» EXERCISE PROMPT
Once you find the line below that has "Просторный дом для", output it and every line after it exactly, stopping after the line that has "Ноутбук потужний DELL", with no pictures.

■ ■ ■ ■ ■

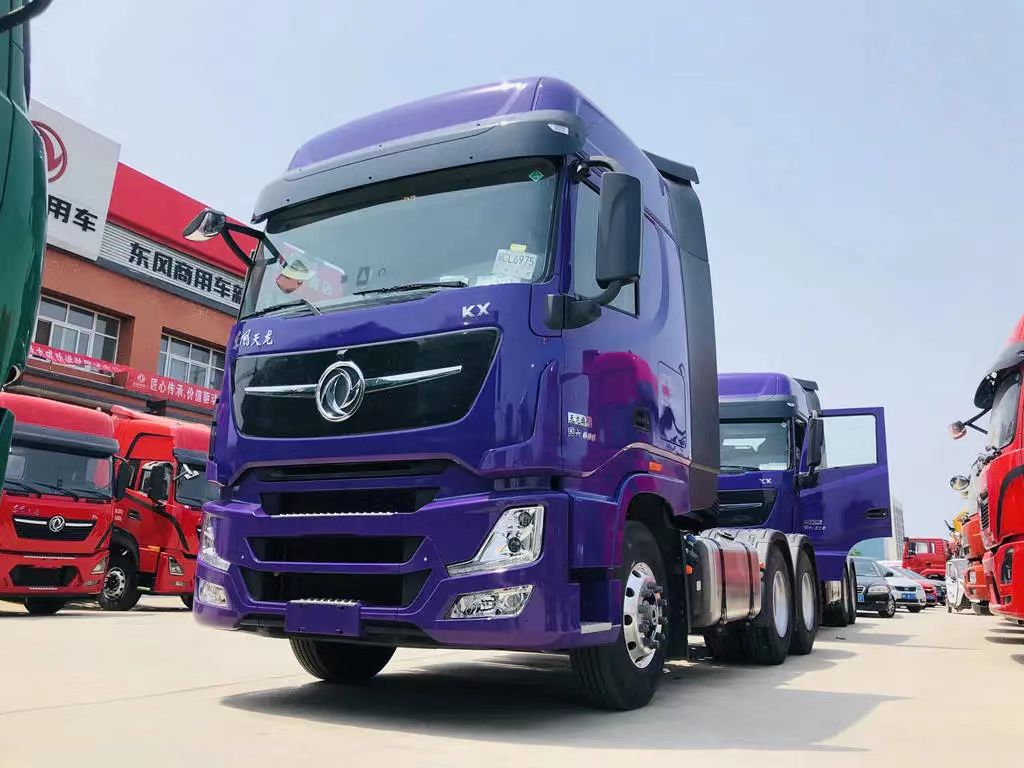 Dongfeng Commercial Vehicle Tianlong Flagship KX Rongyao Edition 600 HP 6X4 Tractor Truck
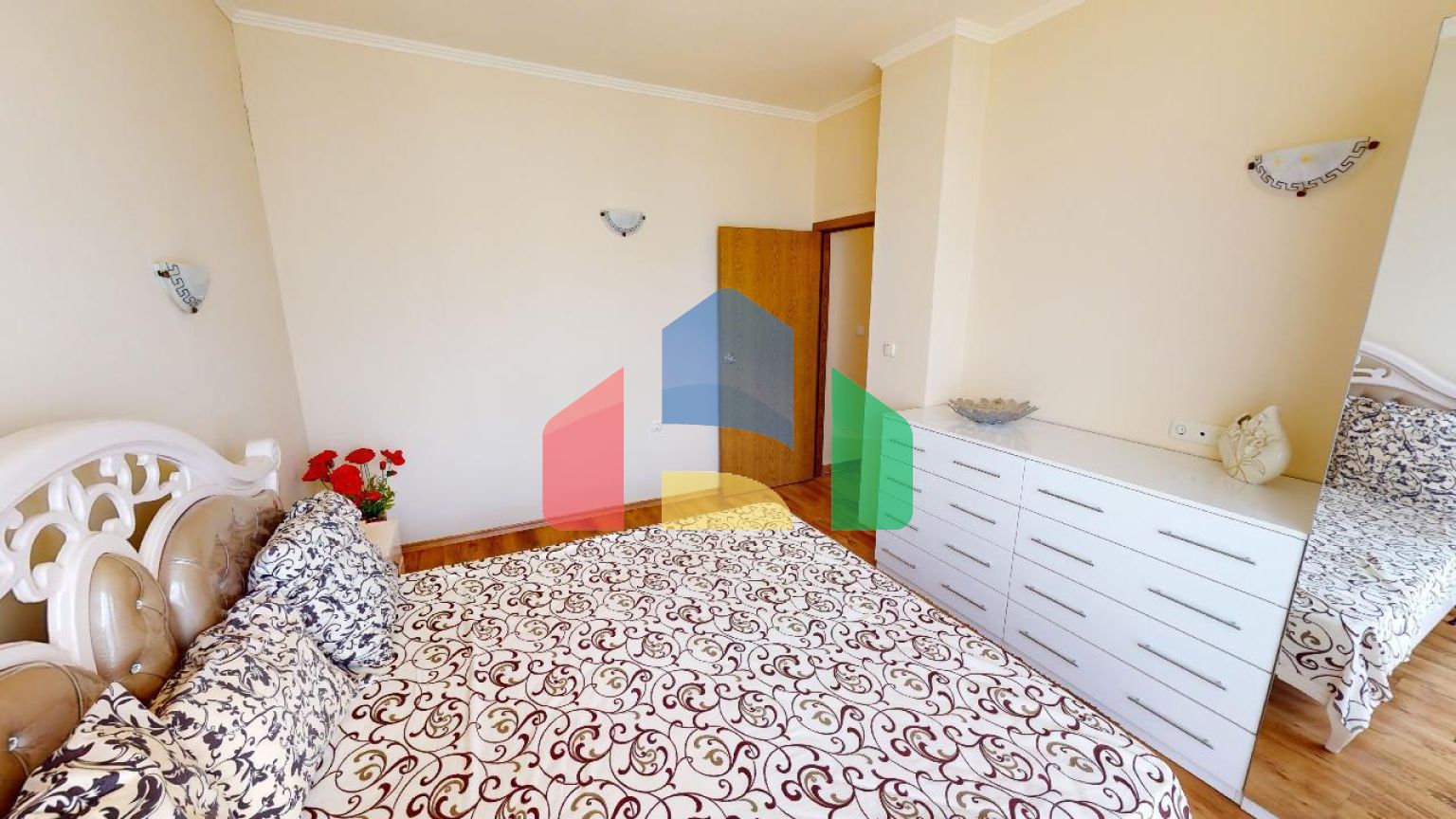 Просторный дом для отдыха в элитном комплексе 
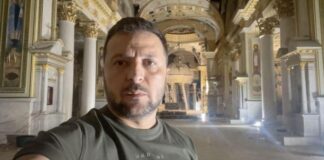 Zelenski; “Tanrı bizim yanımızda”: Rusya; “Zelenski kafayı bulmuş”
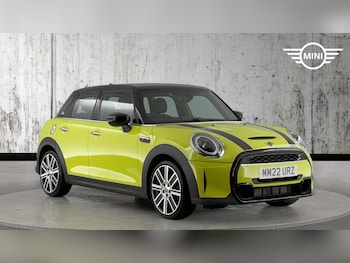 2022 (22) - 2.0 Cooper S Exclusive 5dr Auto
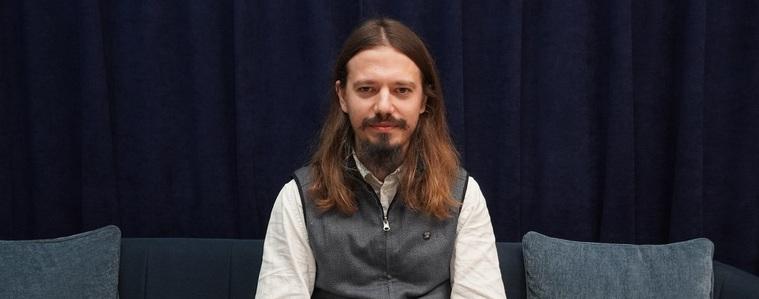 От семейната аптека до сцената – историята на Иван Димитров (ВИДЕО)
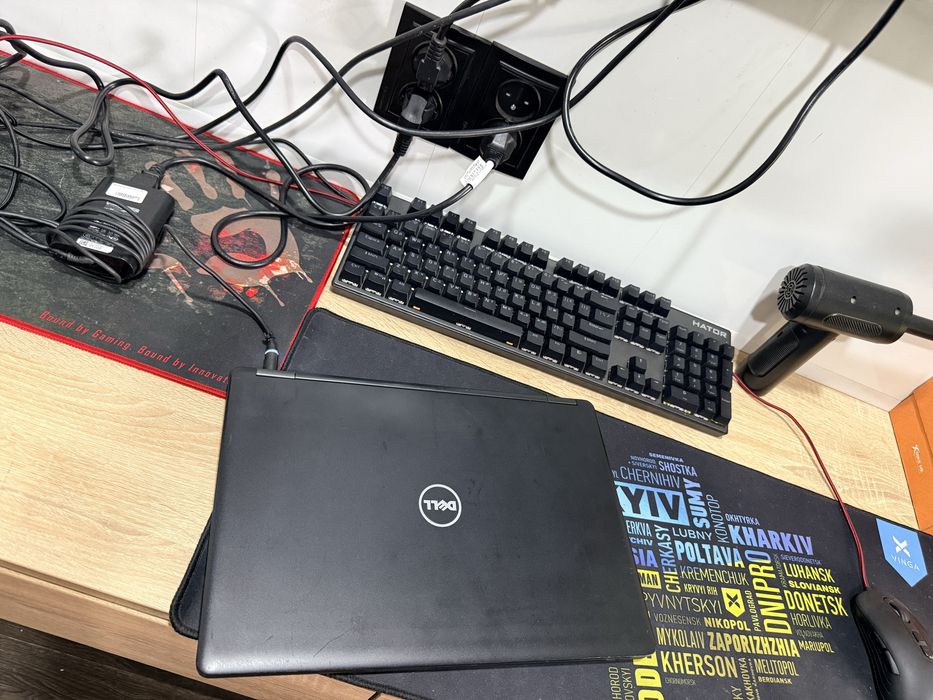 Ноутбук потужний DELL  intel i5+м2 SKhinix +16 ddr4 hinix+UHD GRAPHICS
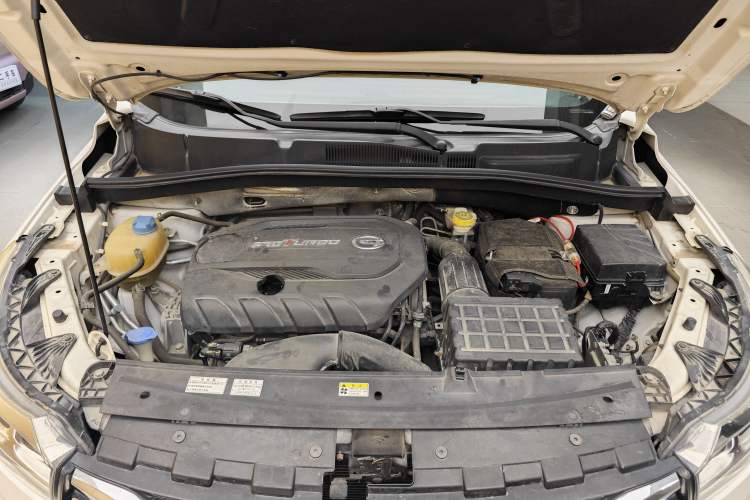 Used GAC Trumpchi GS4 2019 270T Automatic Two-Wheel Drive Elite Edition Engine Bay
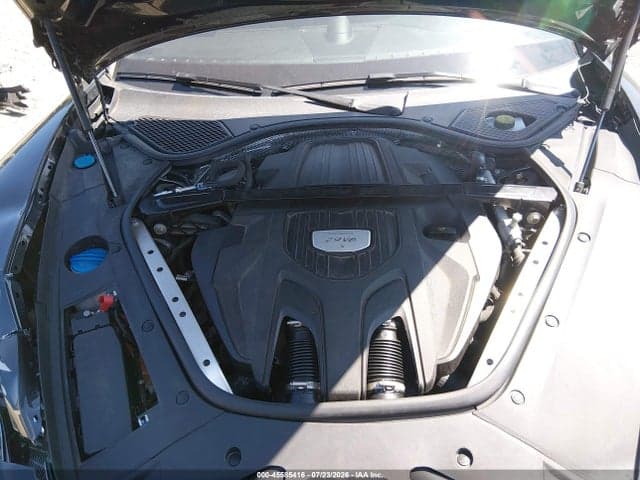 2018 PORSCHE PANAMERA 4S 10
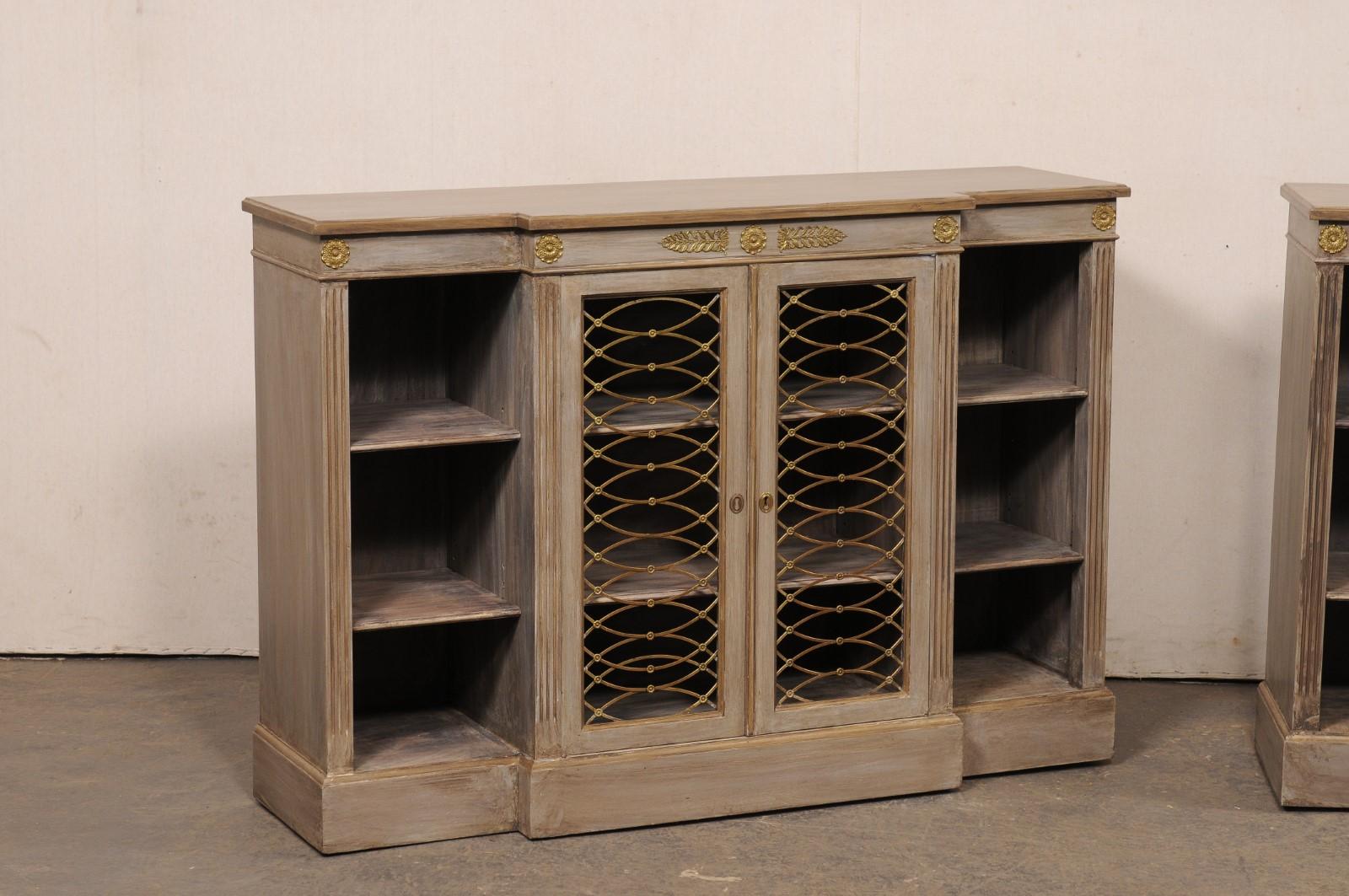Neoclassico Coppia francese di librerie neoclassiche a parete con bellissimi accenti di ottone in vendita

■ ■ ■ ■ ■

» COMPLETED EXERCISE
 Просторный дом для отдыха в элитном комплексе 
 Zelenski; “Tanrı bizim yanımızda”: Rusya; “Zelenski kafayı bulmuş”
 2022 (22) - 2.0 Cooper S Exclusive 5dr Auto
 От семейната аптека до сцената – историята на Иван Димитров (ВИДЕО)
 Ноутбук потужний DELL  intel i5+м2 SKhinix +16 ddr4 hinix+UHD GRAPHICS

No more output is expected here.